ANNA BLOOM, Of the Record staff

With Park City area resorts planning to close after April 16, mountain hosts, liftees, and other seasonal workers wishing to stay in the Wasatch and Summit counties will be on the hunt for employment.

They won’t need to look far this year, however, according to the local Utah Department of Workforce Services offices. With the local economy on the rebound, the number of job listings is unusually high for this time of year.

DWS employment counselor Sandra McCormick, who has worked with Park City’s office since 1997, counts nearly 300 jobs for Summit and Wasatch county listings this week twice the number of last year for this time in the season.

"We have many, many jobs available and we haven’t really even started to see summer listing yet," she says.

Jobs listed are generally in the construction industry, such as machine operators, truck drivers and carpenters, but there are also several housekeeping and lawn maintenance jobs, jobs for cooks, and in Wasatch County, several teaching positions have been posted.

For those with adventuresome spirits, McCormick recommends applying for a job with the food service company Aramark currently looking to recruit 300 workers to fill various positions from May through October in Denali and Glacier Bay, Alaska.

"Workforce News," a DWS publication, reports that Mountainlands counties, including Utah, Summit and Wasatch counties, have achieved year-over job growth rates each month in the range of 4.4 percent to 5.9 percent in the last few years. Translated into the number of jobs, the counties saw a total of around 10,700 more jobs in the fall of 2005 than there were at that same time in 2004.

Construction has provided nearly 2,430 new jobs in the Mountainlands, DWS says. The publication attributes the growth in building activity to a favorable interest rate environment and expanding population.

Second to construction, the article suggests that professional and business services are also driving the area economy forward.
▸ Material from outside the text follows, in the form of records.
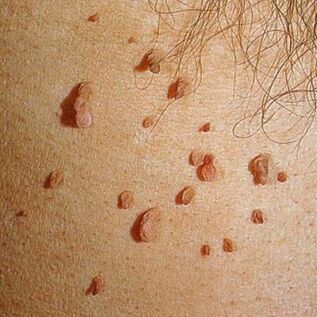 Les papillomes se développent souvent en colonies et peuvent apparaître sur la peau sur tout le corps. 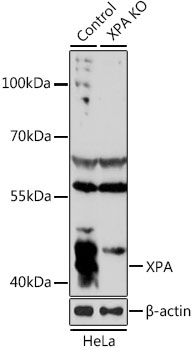 Western blot - XPA Polyclonal Antibody 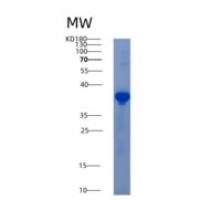 人AKR1D1重组蛋白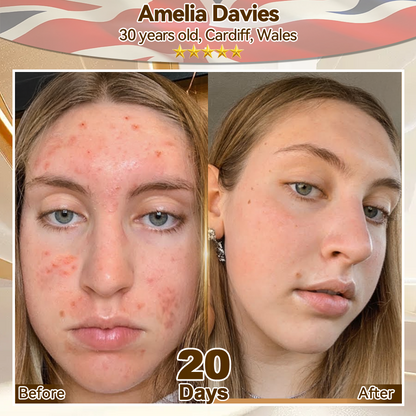 🌿𝐸𝐷𝐼𝐽𝑂𝑁𝐴𝐻® 𝑆𝑡𝑒𝑚 𝐶𝑒𝑙𝑙 𝐸𝑥𝑜𝑠𝑜𝑚𝑒 𝑆𝑒𝑟𝑢𝑚 -（ Anti-aging, reduces wrinkles, improves firmness, enhances radiance, provides deep hydration）英国  外泌体抗皱 定稿（副本）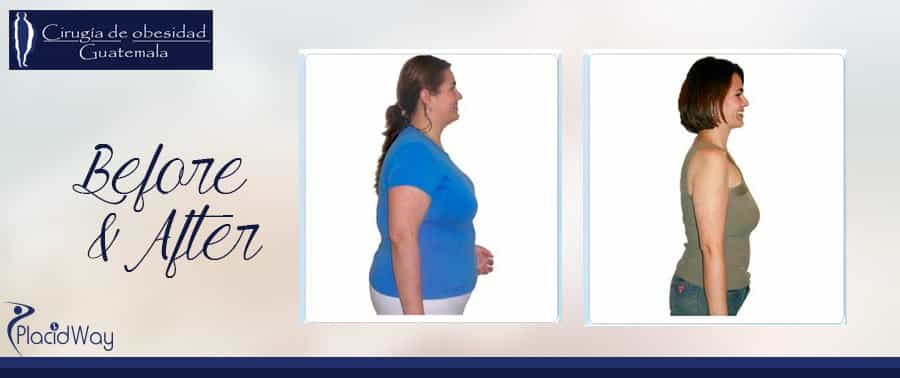 Before and After Bariatric Surgery - Guatemala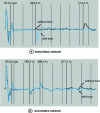 Figure 6 - Arc reflection: echogram screenshots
Of the 2,075 new jobs in the two industries, 970 are professional, scientific and technical with 510 related to administrative and support services to businesses.
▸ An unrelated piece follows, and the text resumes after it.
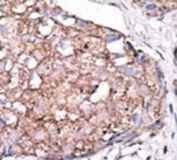 IHC analysis of FFPE human hepatocarcinoma stained with the SIGLEC7 antibody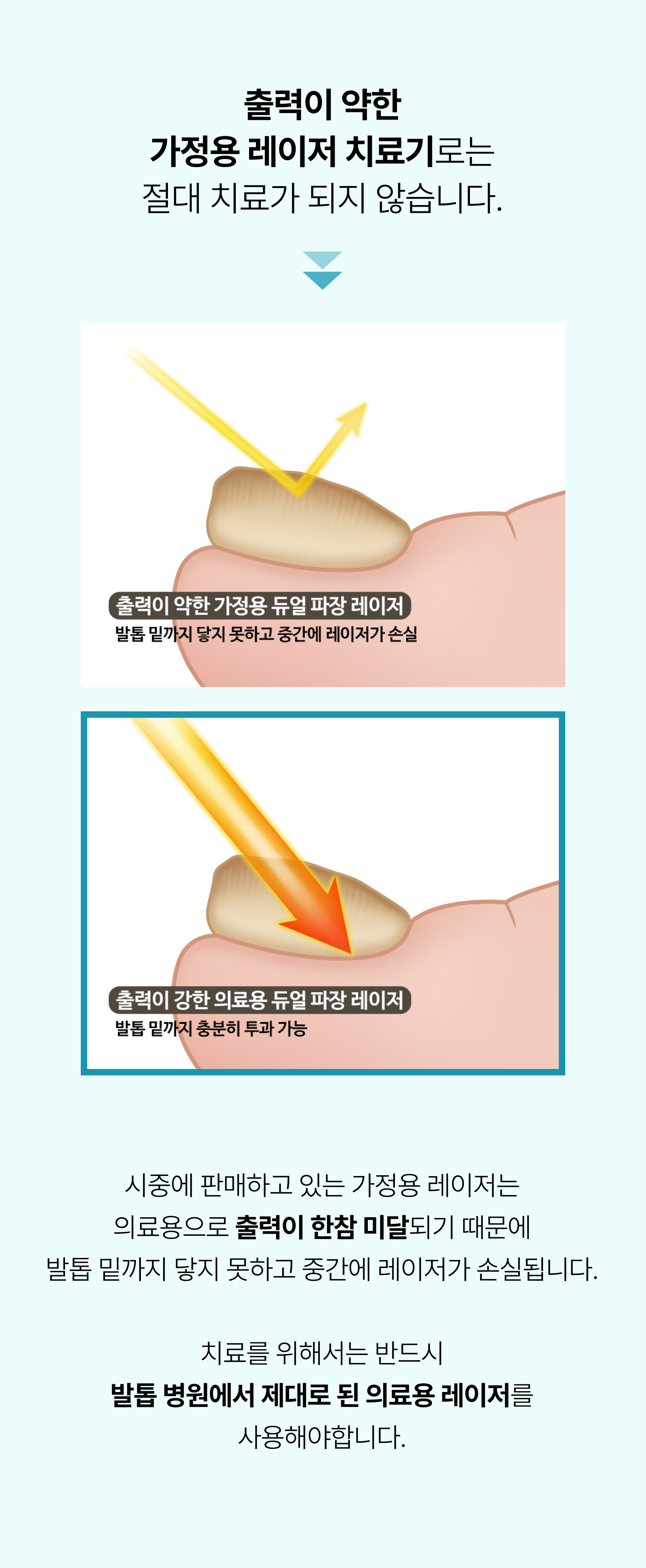 르샤인의원 문제성 발톱 클리닉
While the latest DWS statistics show unemployment statewide at 3.8 percent for the month of December 2005, Summit County’s unemployment for that same month was three percent.

Those seeking to file for unemployment, can search DWS’s Web site at jobs.utah.gov, or by calling toll-free at 800-848-0688.

Samuel Hendricksen, DWS employment counselor at the department’s Park City Office, says his office is equipped with phones and Internet access for the public.

He suggests that those who are laid-off from seasonal jobs, apply for unemployment as they search for their next job.

"It’s always an option to file for unemployment and look for a job at the same time. It gives people something to work with, which is important if they don’t have a job right away," he said.

McCormick recalls five years ago when housekeeping employers raised hourly pay to $12 and $15 per hour. The pay for those jobs has since dropped to $8 to $10 an hour, and not enough to appeal to those workers who alternatively could live on unemployment for as much as 26 weeks, she says.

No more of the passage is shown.